----- Given entries -----

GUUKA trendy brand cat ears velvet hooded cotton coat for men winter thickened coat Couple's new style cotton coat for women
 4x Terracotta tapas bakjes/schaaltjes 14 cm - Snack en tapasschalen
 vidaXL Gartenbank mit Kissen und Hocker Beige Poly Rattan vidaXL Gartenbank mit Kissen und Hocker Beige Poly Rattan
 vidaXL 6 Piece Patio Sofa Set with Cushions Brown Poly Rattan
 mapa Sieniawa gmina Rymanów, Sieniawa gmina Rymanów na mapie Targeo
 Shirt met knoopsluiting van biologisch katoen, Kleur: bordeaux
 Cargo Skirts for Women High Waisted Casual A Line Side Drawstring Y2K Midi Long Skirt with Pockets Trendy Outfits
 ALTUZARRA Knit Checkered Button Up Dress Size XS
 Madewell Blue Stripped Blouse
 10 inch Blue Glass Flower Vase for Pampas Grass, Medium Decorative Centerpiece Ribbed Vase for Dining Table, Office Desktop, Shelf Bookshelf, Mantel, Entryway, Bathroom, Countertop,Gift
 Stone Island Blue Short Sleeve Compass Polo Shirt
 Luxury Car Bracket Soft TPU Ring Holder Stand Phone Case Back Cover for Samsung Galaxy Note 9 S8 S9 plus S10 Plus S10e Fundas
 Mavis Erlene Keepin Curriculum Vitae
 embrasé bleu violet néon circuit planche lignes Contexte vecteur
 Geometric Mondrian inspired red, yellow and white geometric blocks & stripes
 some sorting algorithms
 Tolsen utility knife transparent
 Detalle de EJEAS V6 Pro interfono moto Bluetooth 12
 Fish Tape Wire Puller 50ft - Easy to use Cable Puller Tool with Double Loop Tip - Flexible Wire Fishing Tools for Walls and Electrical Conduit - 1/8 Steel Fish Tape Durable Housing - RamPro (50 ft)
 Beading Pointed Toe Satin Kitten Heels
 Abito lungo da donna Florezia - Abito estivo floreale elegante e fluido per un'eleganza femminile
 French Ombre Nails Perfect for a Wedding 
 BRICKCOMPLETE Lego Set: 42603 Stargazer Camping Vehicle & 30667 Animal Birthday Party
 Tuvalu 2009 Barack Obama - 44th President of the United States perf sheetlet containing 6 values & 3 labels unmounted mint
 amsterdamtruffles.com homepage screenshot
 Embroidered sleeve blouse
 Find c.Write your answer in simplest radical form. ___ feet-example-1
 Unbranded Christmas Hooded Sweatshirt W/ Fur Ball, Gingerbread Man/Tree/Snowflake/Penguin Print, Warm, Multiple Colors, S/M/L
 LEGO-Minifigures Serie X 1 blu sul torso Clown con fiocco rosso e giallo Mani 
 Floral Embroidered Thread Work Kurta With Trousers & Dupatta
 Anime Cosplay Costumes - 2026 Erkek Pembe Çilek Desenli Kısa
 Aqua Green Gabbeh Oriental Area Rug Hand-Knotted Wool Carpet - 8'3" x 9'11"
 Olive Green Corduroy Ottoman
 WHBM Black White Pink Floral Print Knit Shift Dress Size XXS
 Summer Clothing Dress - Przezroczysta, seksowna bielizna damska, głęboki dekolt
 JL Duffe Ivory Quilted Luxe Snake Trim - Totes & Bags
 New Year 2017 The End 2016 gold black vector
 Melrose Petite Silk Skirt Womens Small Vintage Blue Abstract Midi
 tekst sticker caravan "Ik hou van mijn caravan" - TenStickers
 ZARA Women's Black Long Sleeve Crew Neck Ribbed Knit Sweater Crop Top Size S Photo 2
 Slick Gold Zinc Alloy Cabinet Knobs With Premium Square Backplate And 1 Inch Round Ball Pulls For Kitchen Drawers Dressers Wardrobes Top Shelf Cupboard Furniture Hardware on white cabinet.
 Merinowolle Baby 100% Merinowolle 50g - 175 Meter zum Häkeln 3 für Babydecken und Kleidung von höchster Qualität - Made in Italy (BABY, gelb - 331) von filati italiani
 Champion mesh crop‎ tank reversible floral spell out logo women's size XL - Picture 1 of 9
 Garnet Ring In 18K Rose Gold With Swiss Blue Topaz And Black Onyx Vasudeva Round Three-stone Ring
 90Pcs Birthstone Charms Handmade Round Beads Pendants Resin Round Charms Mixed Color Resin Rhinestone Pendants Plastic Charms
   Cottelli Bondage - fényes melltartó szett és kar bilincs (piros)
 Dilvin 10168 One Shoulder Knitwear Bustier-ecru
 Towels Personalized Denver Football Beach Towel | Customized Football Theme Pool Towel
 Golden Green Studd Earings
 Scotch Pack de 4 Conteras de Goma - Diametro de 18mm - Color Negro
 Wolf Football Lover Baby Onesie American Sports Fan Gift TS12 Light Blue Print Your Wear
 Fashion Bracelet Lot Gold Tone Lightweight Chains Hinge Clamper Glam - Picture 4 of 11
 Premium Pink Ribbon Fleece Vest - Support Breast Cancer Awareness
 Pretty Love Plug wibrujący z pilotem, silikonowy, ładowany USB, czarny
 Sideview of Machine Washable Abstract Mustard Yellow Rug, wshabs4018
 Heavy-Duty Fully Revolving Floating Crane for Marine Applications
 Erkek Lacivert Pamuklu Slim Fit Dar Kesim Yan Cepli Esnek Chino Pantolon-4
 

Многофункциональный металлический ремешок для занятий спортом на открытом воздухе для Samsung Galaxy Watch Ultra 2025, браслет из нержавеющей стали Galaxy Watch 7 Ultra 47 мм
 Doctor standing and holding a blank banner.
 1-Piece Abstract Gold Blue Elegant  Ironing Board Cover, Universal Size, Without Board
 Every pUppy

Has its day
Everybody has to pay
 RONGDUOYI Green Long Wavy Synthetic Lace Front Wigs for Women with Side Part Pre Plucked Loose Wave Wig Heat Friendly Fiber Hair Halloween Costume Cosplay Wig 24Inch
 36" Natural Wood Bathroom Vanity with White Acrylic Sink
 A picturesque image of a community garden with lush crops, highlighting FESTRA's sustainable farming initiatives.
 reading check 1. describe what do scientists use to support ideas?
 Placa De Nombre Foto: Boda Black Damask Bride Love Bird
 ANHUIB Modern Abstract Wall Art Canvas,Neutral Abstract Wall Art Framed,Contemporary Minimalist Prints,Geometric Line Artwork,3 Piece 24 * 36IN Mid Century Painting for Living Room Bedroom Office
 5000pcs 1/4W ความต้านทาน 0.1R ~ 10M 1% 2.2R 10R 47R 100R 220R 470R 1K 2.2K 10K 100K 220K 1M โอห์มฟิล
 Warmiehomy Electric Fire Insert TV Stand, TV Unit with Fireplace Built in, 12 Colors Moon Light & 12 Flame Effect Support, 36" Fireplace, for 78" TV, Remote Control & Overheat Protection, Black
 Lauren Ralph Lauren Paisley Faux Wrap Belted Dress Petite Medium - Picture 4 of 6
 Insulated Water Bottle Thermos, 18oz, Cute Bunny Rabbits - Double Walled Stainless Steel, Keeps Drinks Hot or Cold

-----

§ Problem to solve: Work out how many lines of the entries include the word "Poly", and respond with that number and nothing more.

§ Solution below: 2